Make QUE use untrusted data explicitly #45
Conversation
|
I checked that the tests still run (with some minor changes) and that Mahalanobis still gives the same result on one task (couldn't easily do the same for QUE since I haven't used that detector much myself). |
There was a problem hiding this comment.
I agree that this makes more sense now. I mostly really like this (makes it stable to inference time choices like batch_size and poison ratio which it wasn't before). On the other hand, it does become a different type of detector, but I guess comparisons are more transparent this way.
Looks great overall and I approve. For comparing against previous results, the difference is big enough that I don't expect old and new numbers to be very close. I still expect it to beat Mahalanobis as long as untrusted data is from same distribution at training and inference time.
I'll see if I'll find the time to check out current QUE performance.
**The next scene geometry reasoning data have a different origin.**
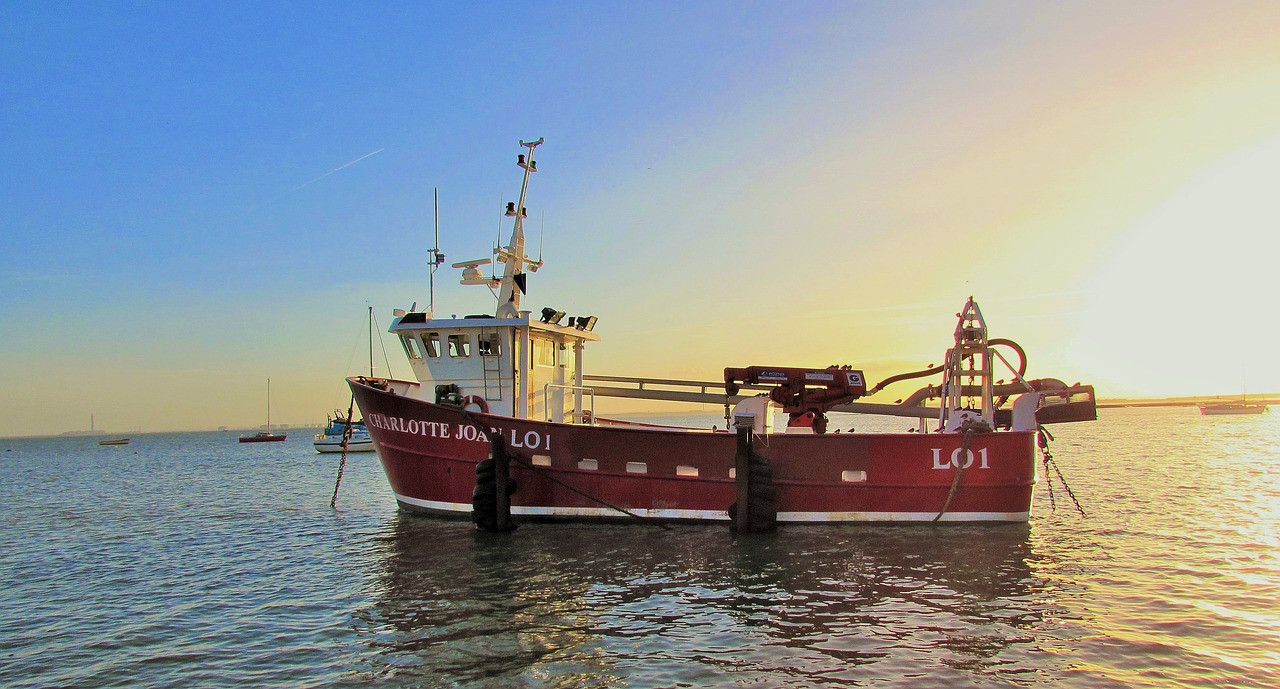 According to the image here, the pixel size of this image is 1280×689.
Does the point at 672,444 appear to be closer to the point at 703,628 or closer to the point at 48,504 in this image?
the point at 703,628

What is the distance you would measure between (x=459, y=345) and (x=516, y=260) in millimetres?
2627

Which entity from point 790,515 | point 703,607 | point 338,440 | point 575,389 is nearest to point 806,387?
point 790,515

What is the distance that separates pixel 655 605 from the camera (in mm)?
9945

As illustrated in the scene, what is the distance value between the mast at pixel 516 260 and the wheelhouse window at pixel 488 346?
64 cm

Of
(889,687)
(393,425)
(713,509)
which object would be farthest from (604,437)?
(889,687)

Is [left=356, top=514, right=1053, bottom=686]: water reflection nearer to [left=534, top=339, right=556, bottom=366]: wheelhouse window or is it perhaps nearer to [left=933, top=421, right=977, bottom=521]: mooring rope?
[left=933, top=421, right=977, bottom=521]: mooring rope

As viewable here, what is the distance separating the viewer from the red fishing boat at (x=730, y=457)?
49.8 feet

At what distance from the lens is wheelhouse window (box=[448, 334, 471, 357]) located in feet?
57.1

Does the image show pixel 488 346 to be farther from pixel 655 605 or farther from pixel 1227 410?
pixel 1227 410

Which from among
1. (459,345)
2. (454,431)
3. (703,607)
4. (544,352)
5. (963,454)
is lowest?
(703,607)

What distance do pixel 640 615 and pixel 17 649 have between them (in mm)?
7306

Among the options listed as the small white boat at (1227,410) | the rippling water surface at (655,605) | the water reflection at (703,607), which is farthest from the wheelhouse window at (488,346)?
the small white boat at (1227,410)

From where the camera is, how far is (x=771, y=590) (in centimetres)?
1062

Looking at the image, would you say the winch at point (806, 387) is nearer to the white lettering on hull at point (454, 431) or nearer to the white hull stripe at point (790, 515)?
the white hull stripe at point (790, 515) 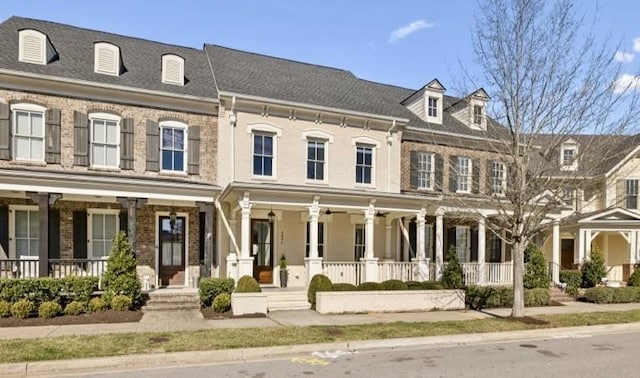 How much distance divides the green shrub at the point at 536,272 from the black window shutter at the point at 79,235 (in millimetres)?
15822

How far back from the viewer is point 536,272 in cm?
1770

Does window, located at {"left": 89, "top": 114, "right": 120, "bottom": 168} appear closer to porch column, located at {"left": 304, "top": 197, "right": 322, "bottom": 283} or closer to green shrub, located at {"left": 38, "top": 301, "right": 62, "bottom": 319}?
green shrub, located at {"left": 38, "top": 301, "right": 62, "bottom": 319}

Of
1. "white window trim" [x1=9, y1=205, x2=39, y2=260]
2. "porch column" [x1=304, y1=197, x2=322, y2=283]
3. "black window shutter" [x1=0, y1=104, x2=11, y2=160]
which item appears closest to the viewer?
"black window shutter" [x1=0, y1=104, x2=11, y2=160]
Otherwise, if you run it and results aren't much worse than Mahalanobis, then I'd say it is fine to merge.
|
Closing in favor of #53 (which includes these changes but fixes conflicts and should be merged soon). I checked QUE performance on MNIST corner pixel backdoors there and it seems fine, about as good as Mahalanobis (though I didn't directly compare against older numbers) |
Previously, QUE relied on getting large batches of data at a time to compute statistics on untrusted data. That was a deliberate design decision at one point before we had the current task structure, but I now think it's pretty bad. We should make all detectors that want untrusted data explicitly require untrusted data during training.
To support that, I had to make it possible for a statistical detector to use both trusted and untrusted data. This added some complexity, maybe there's a good way to redesign it, but I'm ok with this version for now (at some point, we'll likely want to refactor statistical detectors quite a bit anyway, see #42 ).
Ideally, we'd somehow enforce that detectors treat the batch dimension as an actual batch dimension, but the only way I see would be to have them implement elementwise anomaly scores, which we'd then need to compile to make it efficient. So I think we should just keep that in mind manually.